Source data: Begin

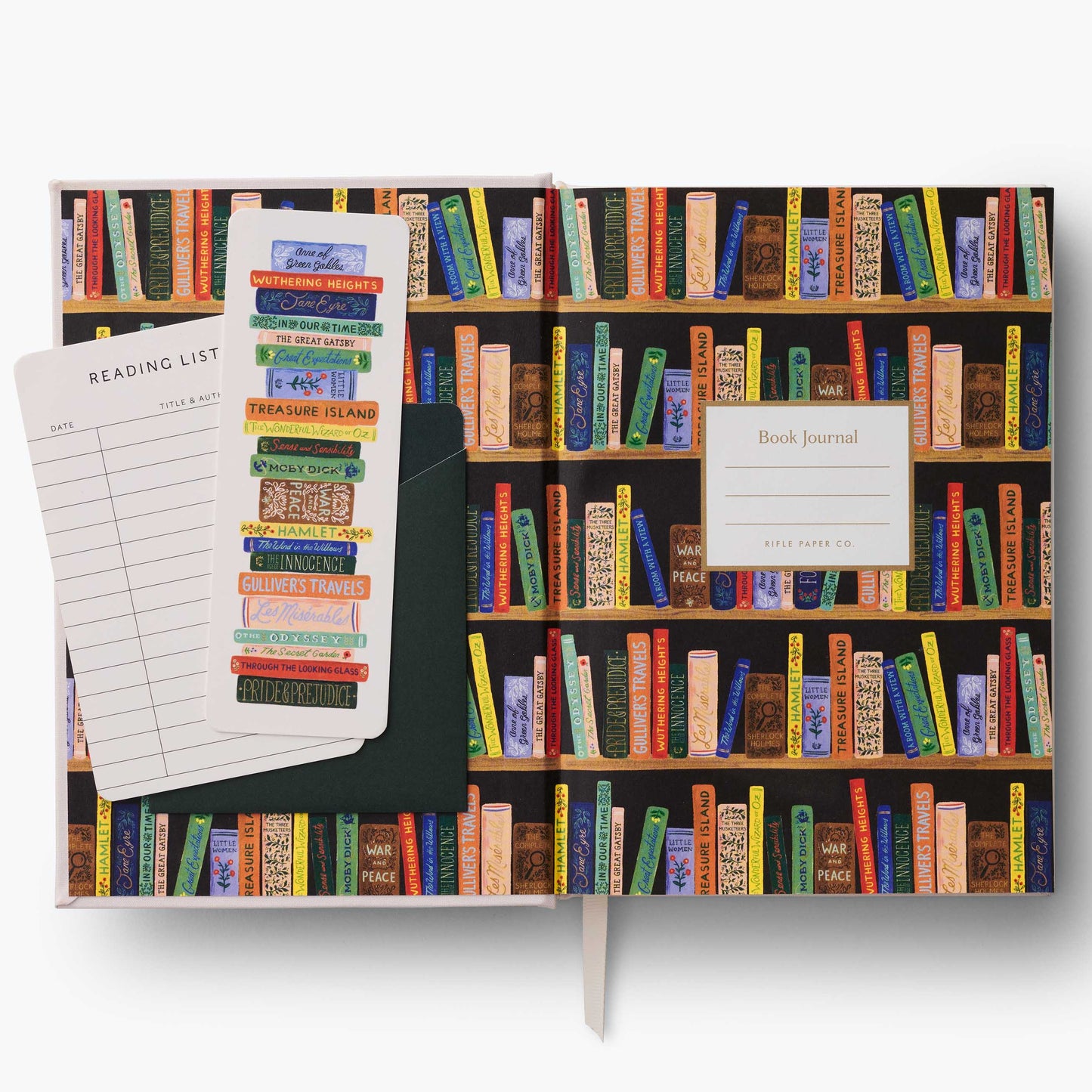 Book Club Embroidered Book Journal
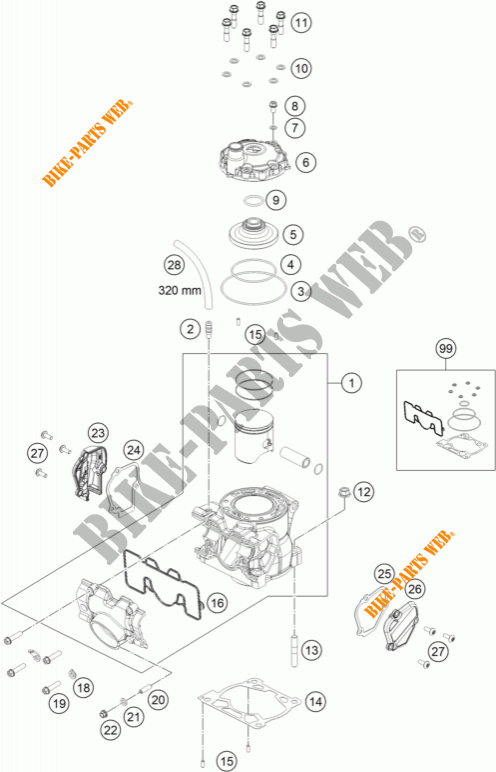 CILINDRO / CULATA para KTM 125 SX 2016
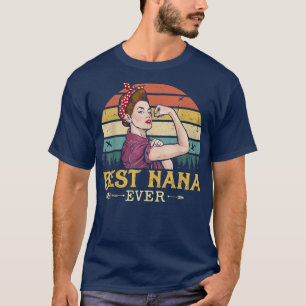 Best Nana jemals Women Vintage Dekoration Oma T-Shirt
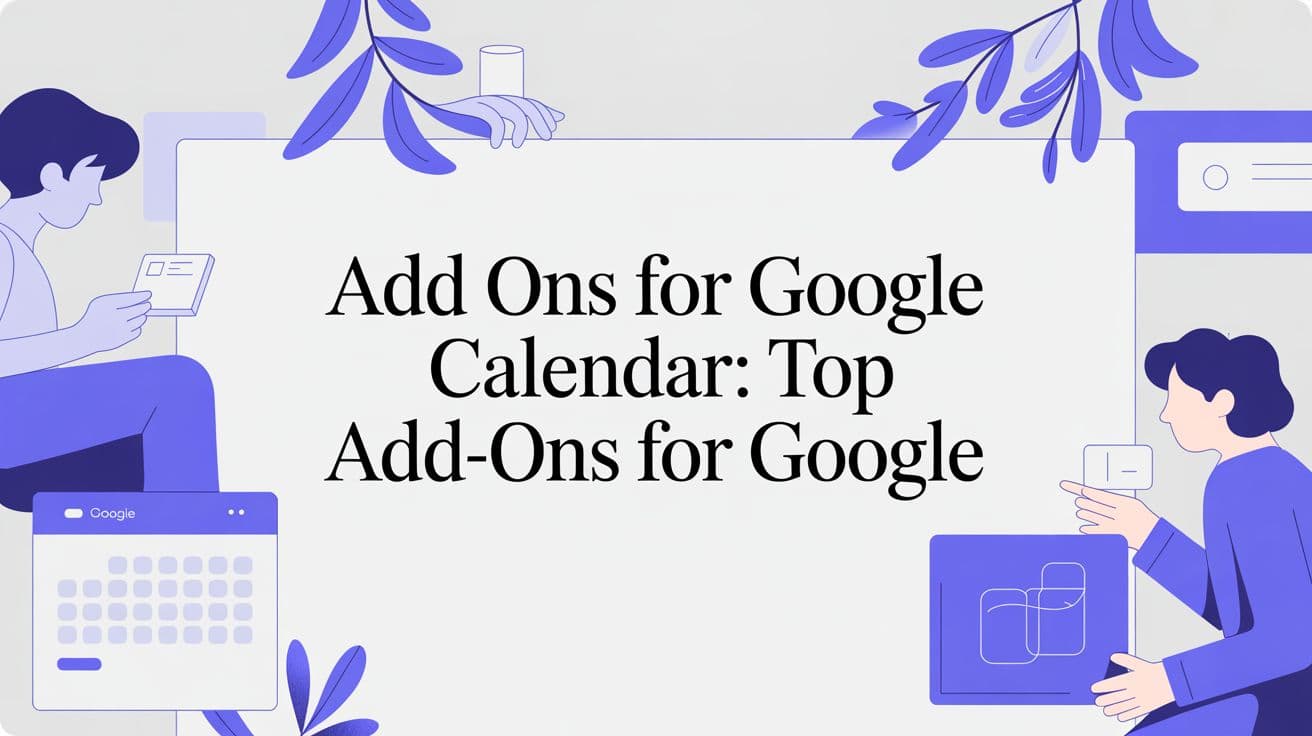 Add ons for google calendar: Top Add-Ons for Google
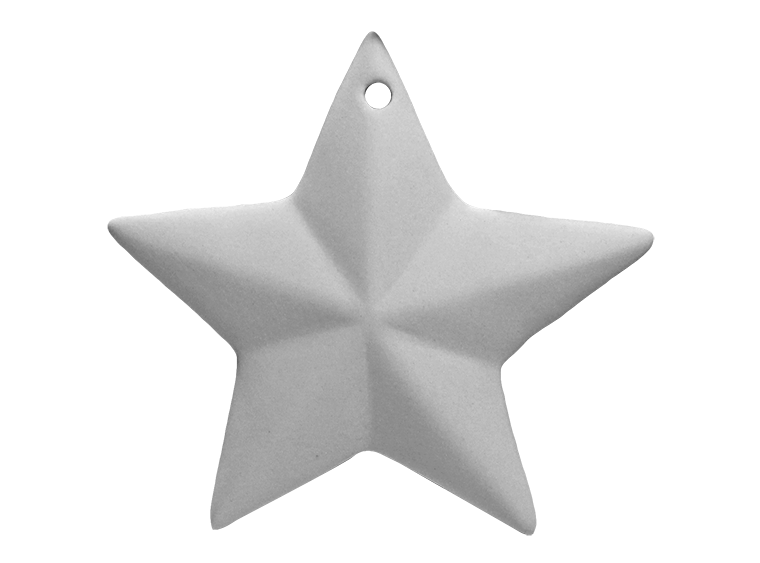 Bisque Stellar Star Ornament (Case of 20)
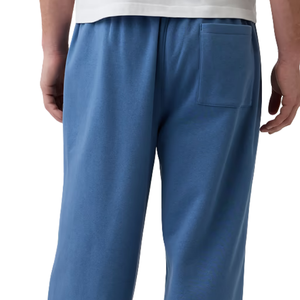 <b>Men</b>’s Fleece Sweatpants Relaxed Fit Straight Leg Casual <b>Trousers</b> Elastic Waist Side Pocket Soft Heavyweight Jogging Pants - Product Image 4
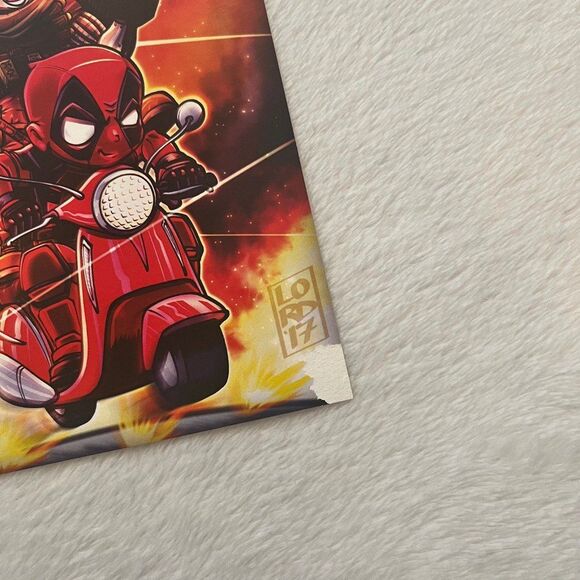 Lord Mesa Deadpool and Cable 5"x 7" Print - Picture 2 of 4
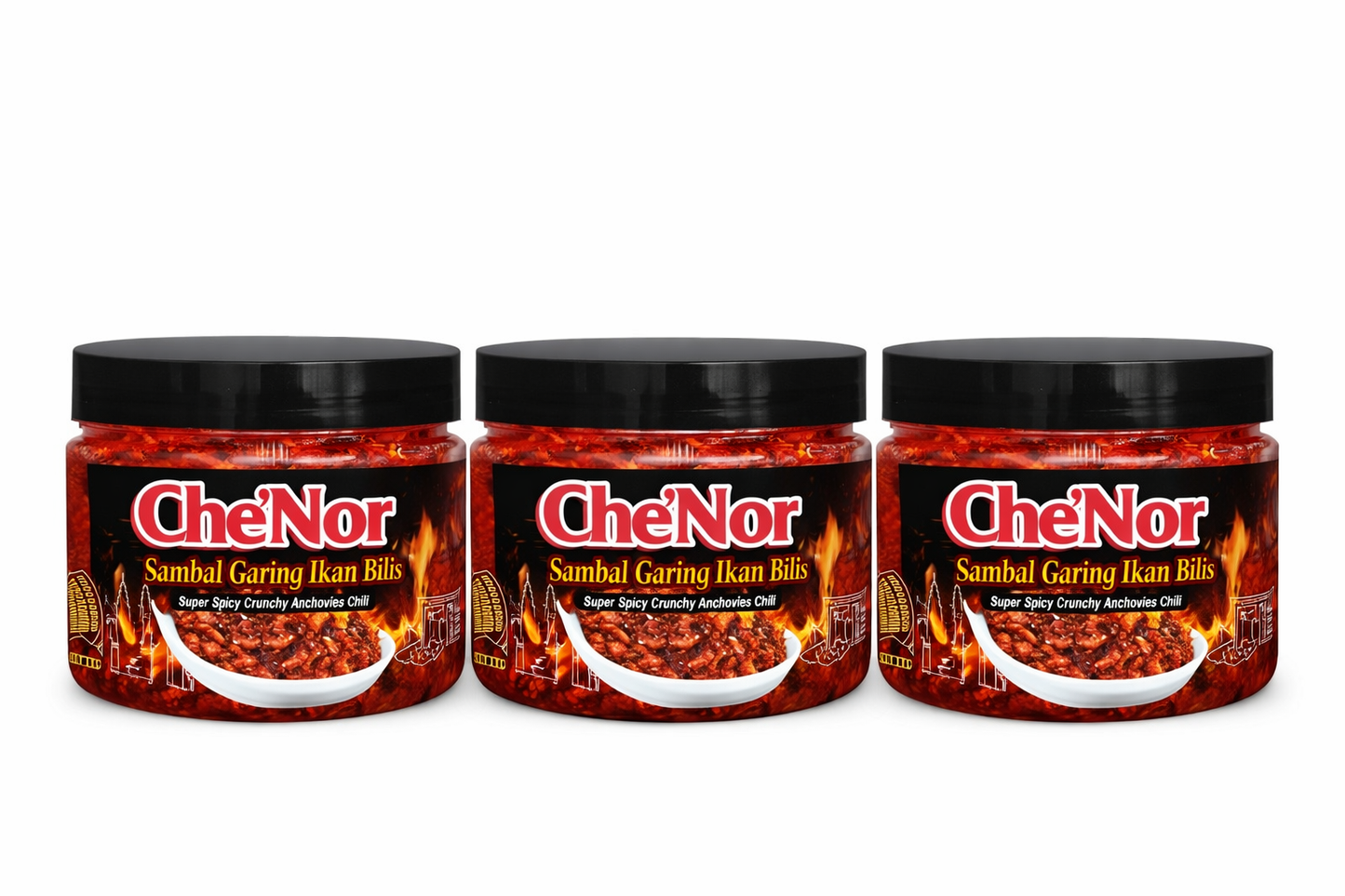 Che Nor Sambal Garing Ikan Bilis SUPER SPICY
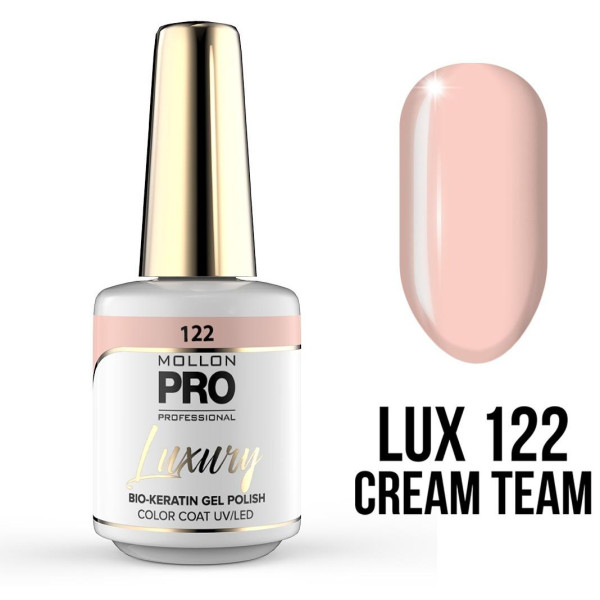 Vernis semi-permanent Luxury n°122 Cream Team Mollon Pro 8ML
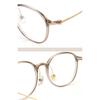 Ultra Lightweight Titanium Glasses Frame For Women Small Face Vintage Stylish Anti Blue Light Prescription Glasses Tea Color Oval Frame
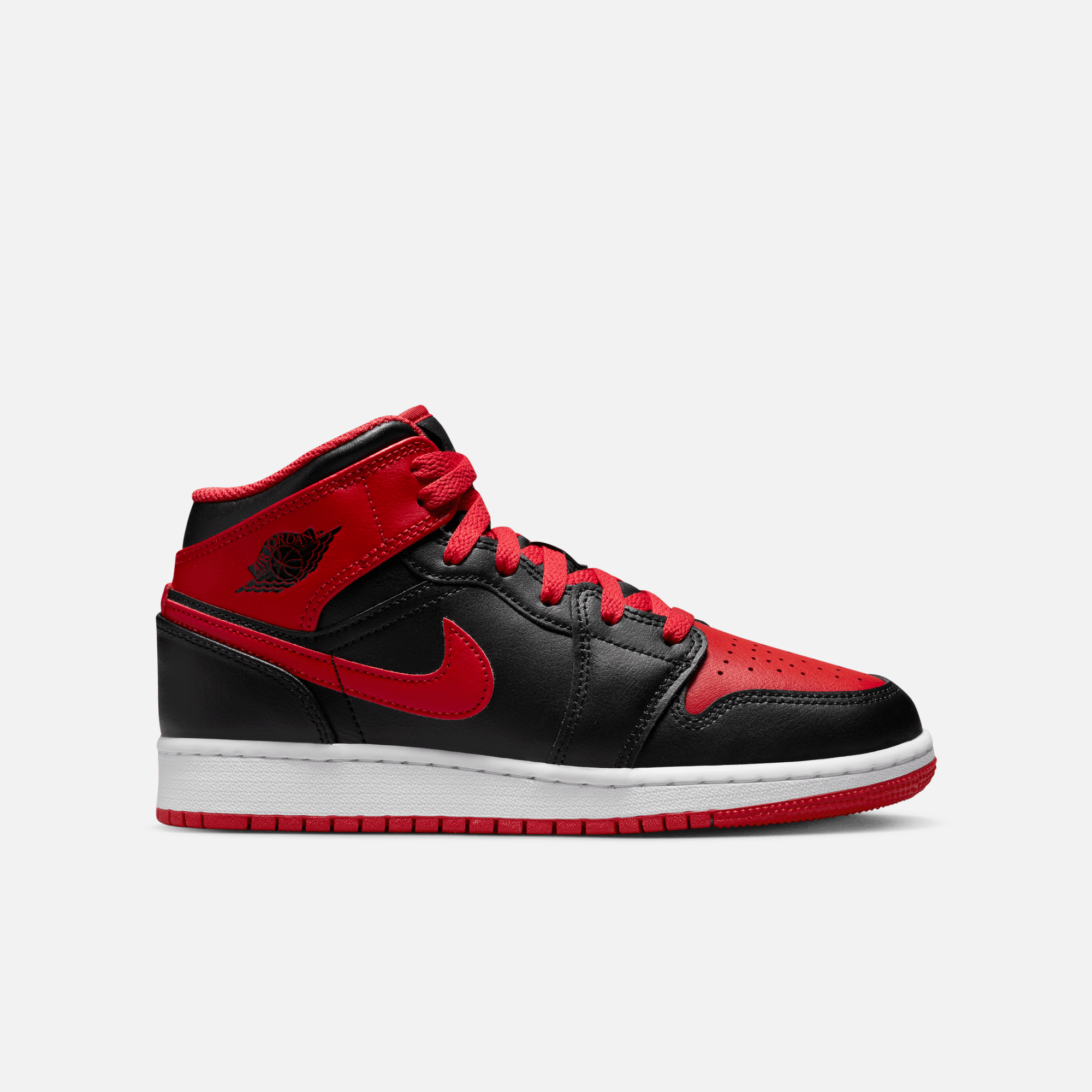 Air Jordan 1 Mid Alternate Bred (GS) – Puffer Reds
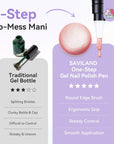 6 Nude Cat Eye Gel Pens for Effortless Salon Nails (Ships to US Only)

Source data: End

- _Exercise prompt_: Repeat the data exactly, without the pictures.

- _Result below_:
 Book Club Embroidered Book Journal
 CILINDRO / CULATA para KTM 125 SX 2016
 Best Nana jemals Women Vintage Dekoration Oma T-Shirt
 Add ons for google calendar: Top Add-Ons for Google
 Bisque Stellar Star Ornament (Case of 20)
 <b>Men</b>’s Fleece Sweatpants Relaxed Fit Straight Leg Casual <b>Trousers</b> Elastic Waist Side Pocket Soft Heavyweight Jogging Pants - Product Image 4
 Lord Mesa Deadpool and Cable 5"x 7" Print - Picture 2 of 4
 Che Nor Sambal Garing Ikan Bilis SUPER SPICY
 Vernis semi-permanent Luxury n°122 Cream Team Mollon Pro 8ML
 Ultra Lightweight Titanium Glasses Frame For Women Small Face Vintage Stylish Anti Blue Light Prescription Glasses Tea Color Oval Frame
 Air Jordan 1 Mid Alternate Bred (GS) – Puffer Reds
 6 Nude Cat Eye Gel Pens for Effortless Salon Nails (Ships to US Only)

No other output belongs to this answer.